## MATERIAL PROVIDED
------------------------------------

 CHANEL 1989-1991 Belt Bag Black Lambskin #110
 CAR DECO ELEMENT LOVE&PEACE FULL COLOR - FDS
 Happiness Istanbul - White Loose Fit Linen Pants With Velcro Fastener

------------------------------------

Nothing should be left out or altered, so reproduce the whole listing.

## SOLUTION FOR THIS TASK
 CHANEL 1989-1991 Belt Bag Black Lambskin #110
 CAR DECO ELEMENT LOVE&PEACE FULL COLOR - FDS
 Happiness Istanbul - White Loose Fit Linen Pants With Velcro Fastener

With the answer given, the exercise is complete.